Fig. 3. Operando studies on the redox behaviour of Cu and Pt in different catalysts.

a operando Cu K-edge XAFS, signal intensity of the Cu⁺ 1s-4p transition peak at 8982 eV in a NH₃/O₂ atmosphere at different temperatures; b operando Pt L₃-edge, signal intensity of the white line of the Pt L₃-edge at 11567 eV in a NH₃/O₂ atmosphere at different temperatures (reaction conditions: 5000 ppm NH₃, 5% O₂ balanced in He, gas flow: 100 mL/min); c H₂-TPR of different catalysts; operando Cu K-edge XANES spectra of Pt_SCu/Al₂O₃ (d), Pt_NCu/Al₂O₃ (e) and CuO/Al₂O₃ (f) in different gases at 200 °C; in situ NAP-NEXAFS spectra, Cu L-edge (AEY mode) of different catalysts at 200 °C under NH₃ (g) or NH₃/O₂ (h) atmospheres; i Cu L-edge (AEY mode) of Pt_SCu/Al₂O₃ under various gas atmospheres at 200 °C (gas pressure 1 mbar).

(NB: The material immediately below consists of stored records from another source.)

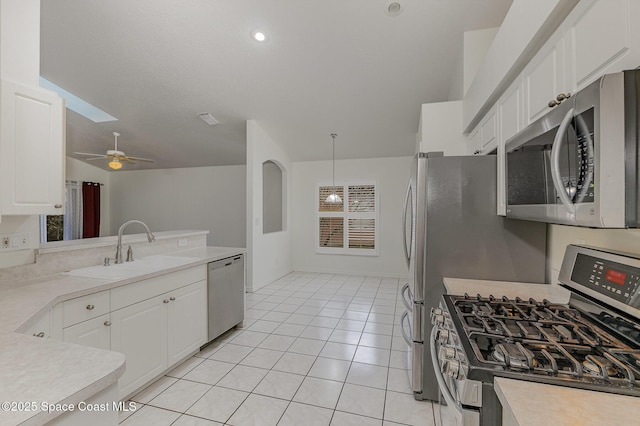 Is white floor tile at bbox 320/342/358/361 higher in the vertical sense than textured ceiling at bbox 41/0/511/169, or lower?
lower

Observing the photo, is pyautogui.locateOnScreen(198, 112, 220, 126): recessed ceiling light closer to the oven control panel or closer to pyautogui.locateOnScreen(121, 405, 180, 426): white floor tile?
pyautogui.locateOnScreen(121, 405, 180, 426): white floor tile

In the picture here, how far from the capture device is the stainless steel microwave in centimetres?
71

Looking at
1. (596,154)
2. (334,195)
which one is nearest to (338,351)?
(596,154)

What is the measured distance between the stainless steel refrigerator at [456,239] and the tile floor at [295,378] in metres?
0.41

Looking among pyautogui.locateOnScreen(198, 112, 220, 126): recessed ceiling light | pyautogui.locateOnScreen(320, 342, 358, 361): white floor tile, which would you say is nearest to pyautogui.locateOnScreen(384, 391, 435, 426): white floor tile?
pyautogui.locateOnScreen(320, 342, 358, 361): white floor tile

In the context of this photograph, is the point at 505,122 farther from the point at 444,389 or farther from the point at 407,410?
the point at 407,410

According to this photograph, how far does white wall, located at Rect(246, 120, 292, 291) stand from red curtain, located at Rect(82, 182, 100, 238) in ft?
17.1

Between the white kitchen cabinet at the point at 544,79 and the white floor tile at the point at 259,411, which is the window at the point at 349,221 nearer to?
the white floor tile at the point at 259,411

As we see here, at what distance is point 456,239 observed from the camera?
6.27 ft

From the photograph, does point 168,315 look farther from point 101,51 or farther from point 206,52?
point 101,51

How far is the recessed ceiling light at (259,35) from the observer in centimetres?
293

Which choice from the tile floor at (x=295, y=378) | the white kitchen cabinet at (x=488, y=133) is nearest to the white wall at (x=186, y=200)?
the tile floor at (x=295, y=378)

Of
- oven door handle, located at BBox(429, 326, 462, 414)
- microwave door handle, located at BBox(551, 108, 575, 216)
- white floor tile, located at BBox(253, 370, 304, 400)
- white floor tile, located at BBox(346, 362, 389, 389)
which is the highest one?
microwave door handle, located at BBox(551, 108, 575, 216)

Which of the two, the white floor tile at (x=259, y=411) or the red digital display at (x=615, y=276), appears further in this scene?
the white floor tile at (x=259, y=411) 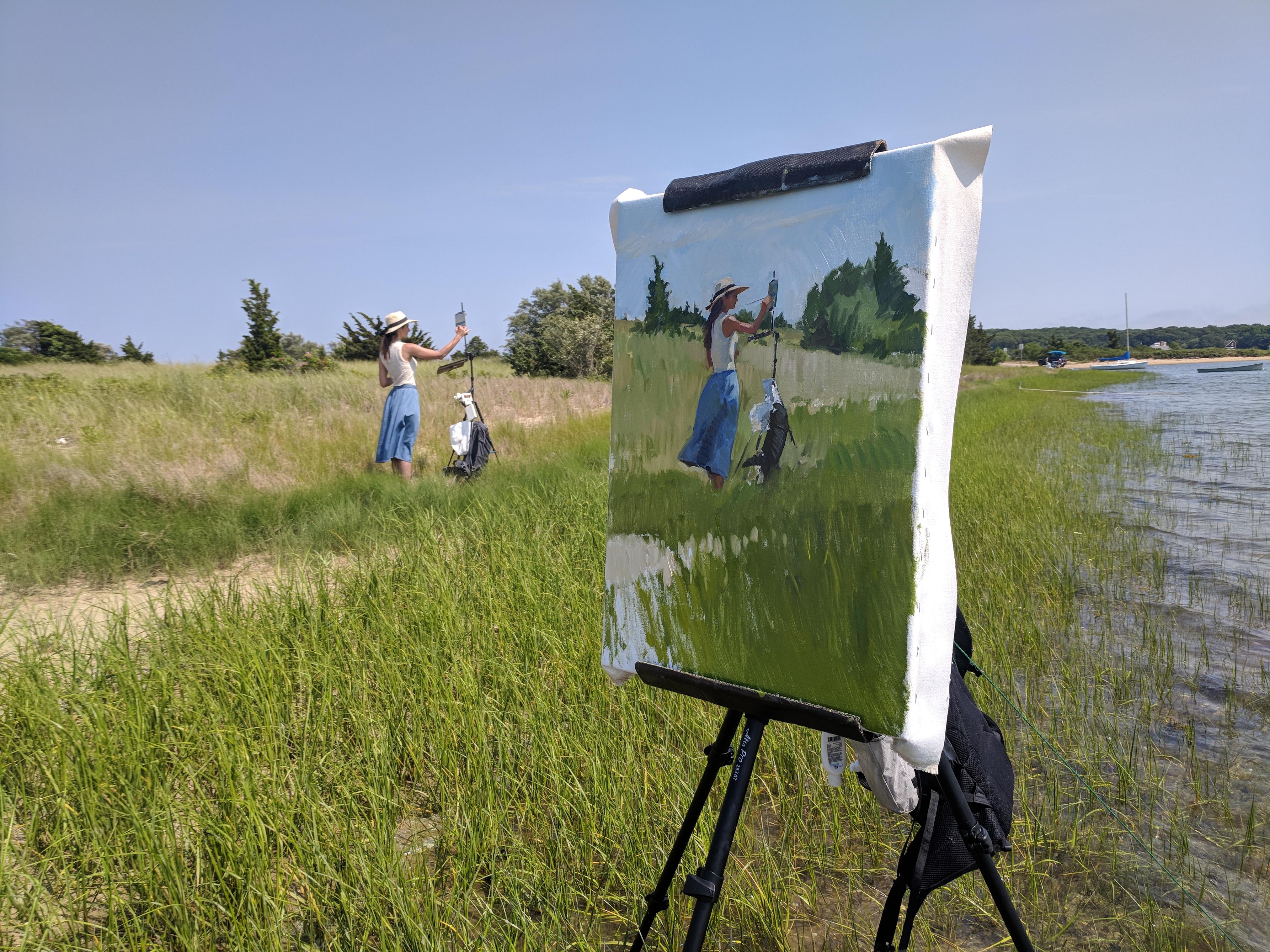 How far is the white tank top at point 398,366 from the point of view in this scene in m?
6.07

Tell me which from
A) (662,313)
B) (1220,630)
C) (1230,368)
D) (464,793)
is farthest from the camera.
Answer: (1230,368)

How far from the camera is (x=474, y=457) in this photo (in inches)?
263

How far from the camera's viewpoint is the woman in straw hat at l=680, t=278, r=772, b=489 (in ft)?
4.27

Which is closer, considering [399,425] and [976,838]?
[976,838]

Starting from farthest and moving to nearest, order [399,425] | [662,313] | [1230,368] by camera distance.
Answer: [1230,368] → [399,425] → [662,313]

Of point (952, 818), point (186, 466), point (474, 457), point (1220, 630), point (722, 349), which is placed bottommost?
point (1220, 630)

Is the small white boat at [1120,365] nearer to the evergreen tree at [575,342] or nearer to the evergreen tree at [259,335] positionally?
the evergreen tree at [575,342]

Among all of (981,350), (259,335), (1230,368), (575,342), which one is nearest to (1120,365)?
(1230,368)

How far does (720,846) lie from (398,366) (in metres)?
5.68

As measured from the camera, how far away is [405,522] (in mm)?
4902

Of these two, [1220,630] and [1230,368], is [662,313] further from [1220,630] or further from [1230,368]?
[1230,368]

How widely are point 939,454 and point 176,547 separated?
526 centimetres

Fig. 4. Kinetic studies and adsorption behaviours of the Pt_SCuO/Al₂O₃ and CuO/Al₂O₃ catalysts.

Change of CuO:Cu₂O ratio in Pt_SCuO/Al₂O₃ (a) and CuO/Al₂O₃ (b) with time under NH₃ or O₂ environments at different temperatures (the catalysts are exposed to a flow of 5000 ppm NH₃/He or 5% O₂/He with flow rate 15 mL/min); change of CuO:Cu₂O ratio in the Pt_SCuO/Al₂O₃ catalyst with time under NH₃ (d) and O₂ (e) environments at different gas concentrations; reaction order for NH₃ (c) and O₂ (f) in the whole apparent reaction or half reaction; g operando Cu K-edge XANES spectra of the Pt_SCu/Al₂O₃, Pt_NCu/Al₂O₃ and CuO/Al₂O₃ catalysts under NH₃ + O₂ at 200 °C (5000 ppm NH₃, 5% O₂ balanced in He, gas flow: 100 mL/min); Comparation between TOF of the full NH₃-SCO reaction and Cu²⁺ reduction rate in Cu/Al₂O₃ (h) and Pt_SCu/Al₂O₃ (i).

Fig. 5. Operando DRIFTS studies.

Operando DRIFTS spectra of Pt_SCu/Al₂O₃ (a) and Cu/Al₂O₃ (b) as a function of temperature (the catalysts were exposed to a flow of 5000 ppm NH₃ and 5% O₂ for 20 min at different temperatures).